M. le ministre de l'intérieur (M. A. Vandenpeereboom). - Je ferai remarquer à l'honorable comte de Theux que l'indemnité pour l'abattage du bétail malade n'est pas une dette de l'Etat. L'Etat peut payer, mais il ne le doit pas. S'il paye une indemnité, c'est dans un intérêt général, c'est pour faciliter l'exécution de la loi qui ordonne l'abattage du bétail malade.
Mais il est facile de comprendre que si la contagion faisait des progrès considérables, le gouvernement se trouverait, pour ainsi dire, dans l'impossibilité de continuer à donner des indemnités.

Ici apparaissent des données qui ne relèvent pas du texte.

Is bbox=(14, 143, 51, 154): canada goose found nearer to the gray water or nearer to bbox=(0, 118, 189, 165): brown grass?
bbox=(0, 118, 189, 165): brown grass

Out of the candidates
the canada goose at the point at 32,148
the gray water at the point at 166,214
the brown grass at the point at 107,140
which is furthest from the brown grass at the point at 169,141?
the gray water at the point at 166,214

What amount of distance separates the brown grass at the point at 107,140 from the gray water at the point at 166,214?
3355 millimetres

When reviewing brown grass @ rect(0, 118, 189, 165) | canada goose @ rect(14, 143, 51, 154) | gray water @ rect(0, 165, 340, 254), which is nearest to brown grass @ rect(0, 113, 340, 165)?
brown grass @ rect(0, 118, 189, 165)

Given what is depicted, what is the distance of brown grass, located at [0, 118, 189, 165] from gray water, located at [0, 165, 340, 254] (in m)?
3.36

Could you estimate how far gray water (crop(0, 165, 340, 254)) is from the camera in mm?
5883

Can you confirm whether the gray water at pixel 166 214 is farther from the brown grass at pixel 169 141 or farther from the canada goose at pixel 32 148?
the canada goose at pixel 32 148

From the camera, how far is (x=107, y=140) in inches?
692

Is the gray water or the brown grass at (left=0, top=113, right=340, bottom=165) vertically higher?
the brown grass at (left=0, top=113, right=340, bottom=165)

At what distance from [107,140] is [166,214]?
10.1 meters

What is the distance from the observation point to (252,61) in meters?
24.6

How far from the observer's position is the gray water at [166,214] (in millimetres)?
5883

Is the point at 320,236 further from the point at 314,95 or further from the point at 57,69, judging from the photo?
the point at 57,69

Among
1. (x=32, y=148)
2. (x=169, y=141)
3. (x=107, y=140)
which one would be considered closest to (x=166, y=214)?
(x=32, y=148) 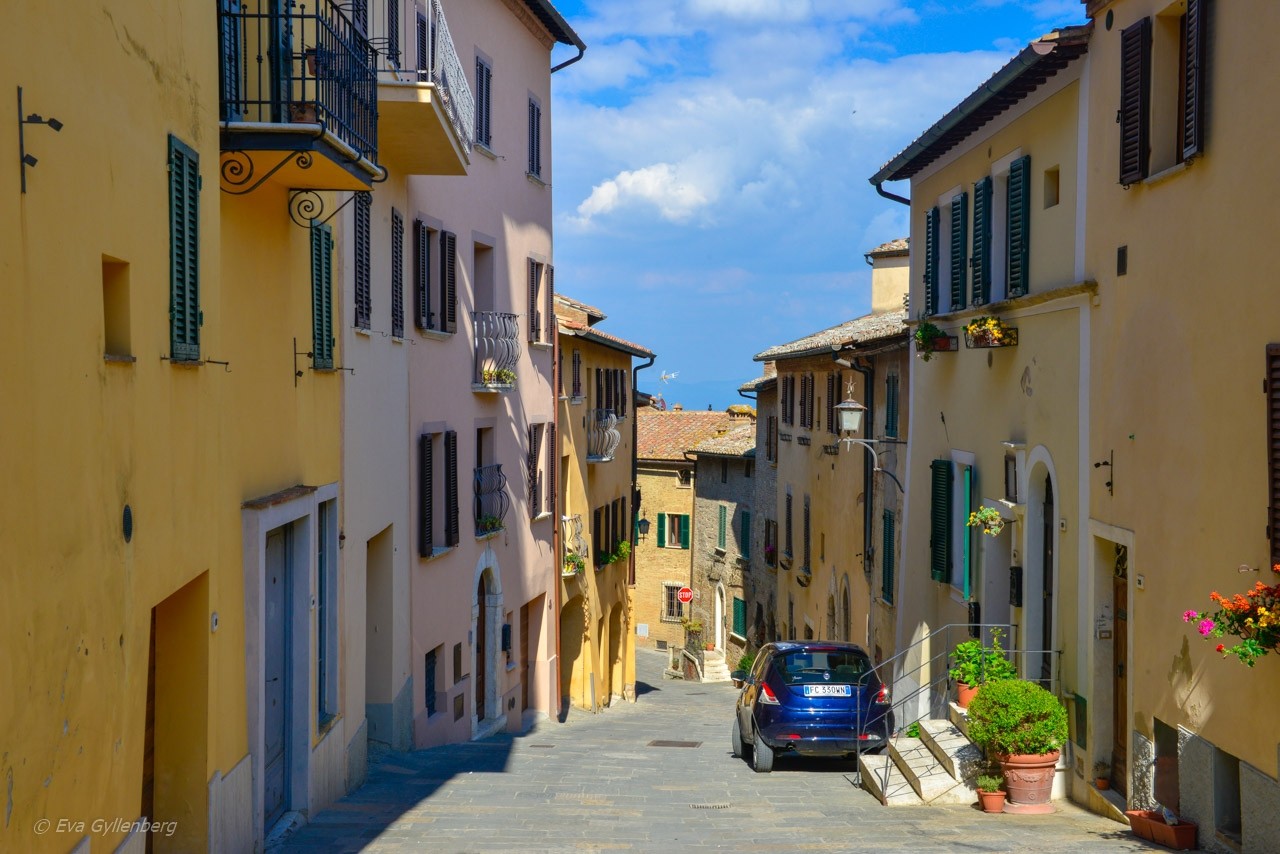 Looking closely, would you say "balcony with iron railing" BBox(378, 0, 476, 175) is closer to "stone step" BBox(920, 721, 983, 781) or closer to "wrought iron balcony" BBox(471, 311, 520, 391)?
"wrought iron balcony" BBox(471, 311, 520, 391)

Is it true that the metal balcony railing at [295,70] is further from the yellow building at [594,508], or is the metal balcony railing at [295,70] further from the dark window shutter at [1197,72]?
the yellow building at [594,508]

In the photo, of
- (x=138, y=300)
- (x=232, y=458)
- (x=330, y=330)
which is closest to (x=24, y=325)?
(x=138, y=300)

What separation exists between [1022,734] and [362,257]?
8432 millimetres

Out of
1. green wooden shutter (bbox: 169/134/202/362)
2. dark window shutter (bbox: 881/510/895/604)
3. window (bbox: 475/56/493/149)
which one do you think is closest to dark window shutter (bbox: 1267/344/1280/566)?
green wooden shutter (bbox: 169/134/202/362)

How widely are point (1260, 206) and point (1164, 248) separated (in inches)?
76.7

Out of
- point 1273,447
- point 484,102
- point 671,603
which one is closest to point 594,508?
point 484,102

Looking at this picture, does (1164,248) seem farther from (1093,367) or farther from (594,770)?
(594,770)

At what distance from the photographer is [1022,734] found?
1260 centimetres

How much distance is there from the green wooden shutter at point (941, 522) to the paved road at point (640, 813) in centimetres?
308

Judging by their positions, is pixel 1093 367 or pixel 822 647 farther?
pixel 822 647

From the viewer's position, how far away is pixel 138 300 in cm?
738

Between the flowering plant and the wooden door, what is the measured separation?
142 inches

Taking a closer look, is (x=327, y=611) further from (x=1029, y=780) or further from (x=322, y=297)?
(x=1029, y=780)

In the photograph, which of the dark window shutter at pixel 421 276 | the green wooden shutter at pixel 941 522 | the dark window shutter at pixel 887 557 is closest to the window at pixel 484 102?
the dark window shutter at pixel 421 276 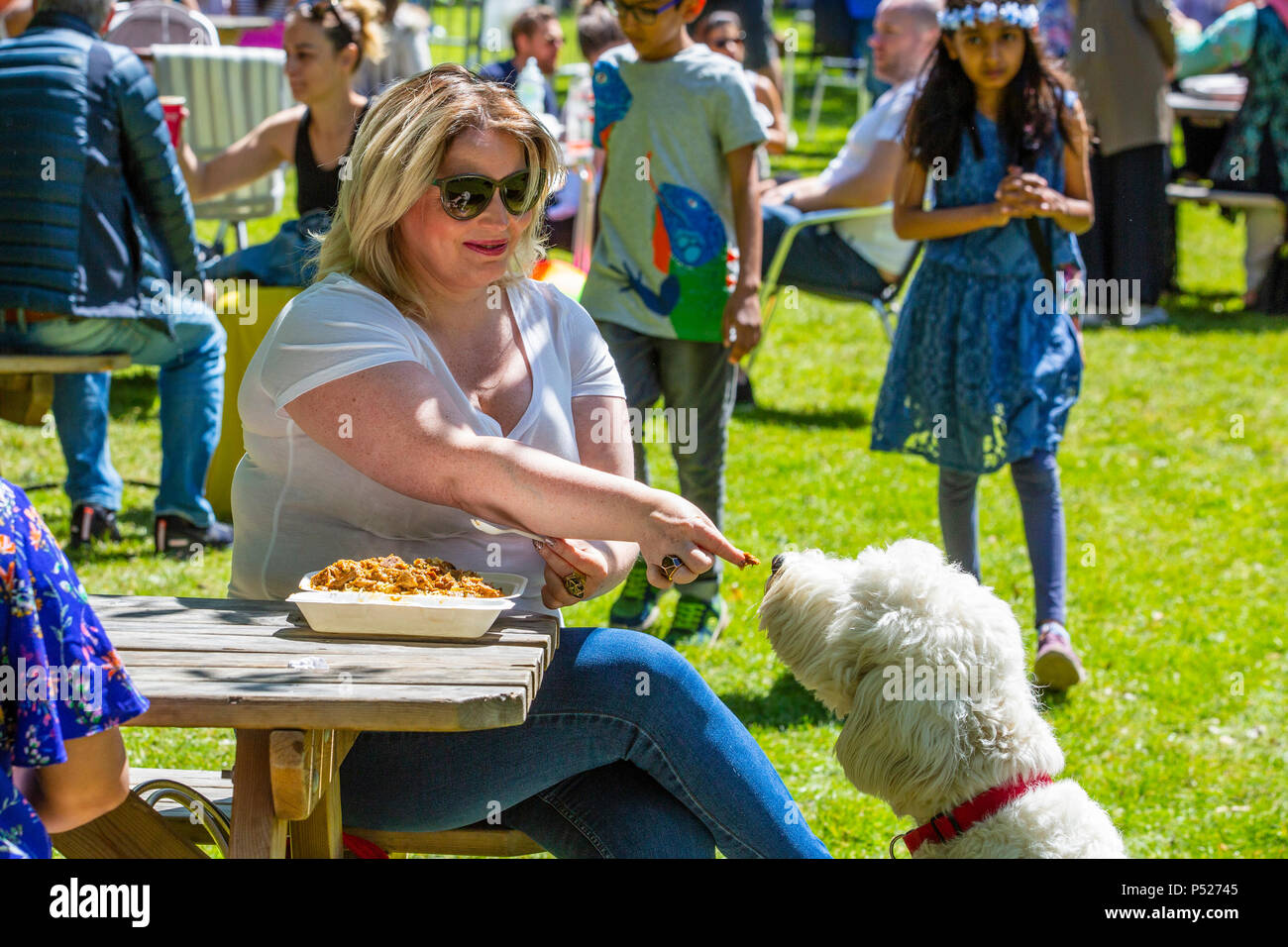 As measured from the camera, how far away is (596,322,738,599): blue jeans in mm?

Si, par exemple, nous perdions 100,000 tètes de bétail, comme en Angleterre, en fixant le prix de la bête seulement à 300 francs, nous aurions 30 millions à payer !
Veuillez remarquer, messieurs, que dans d'autres temps la peste bovine a fait des ravages bien plus considérables dans notre pays et ailleurs. Il y a un demi-siècle on perdit en 3 ans en Hollande 400,000 bêtes. Or, si une calamité aussi grande devait affliger la Belgique, le gouvernement serait dans l'impossibilité financière de réparer tous les dommages causés par le fléau. Son abstention serait d'autant plus légitime, que, dans ma conviction, ce serait en grande partie la faute des propriétaires de bétail, si le fléau se propageait ; en général, on ne prend pas les précautions nécessaires, on n'isole pas suffisamment le bétail, on laisse entrer trop facilement dans les étables des personnes inconnues, sans s'enquérir si ces personnes ne viennent pas d'un lieu infecté. Il a été constaté à toutes époques que la peste bovine ne se déclarait pas soit dans les localités, soit dans les étables où l'on avait soin d'isoler le bétail, et où le personnel des fermes ne se mettait pas en contact avec des personnes appartenant à des fermes frappées par la maladie.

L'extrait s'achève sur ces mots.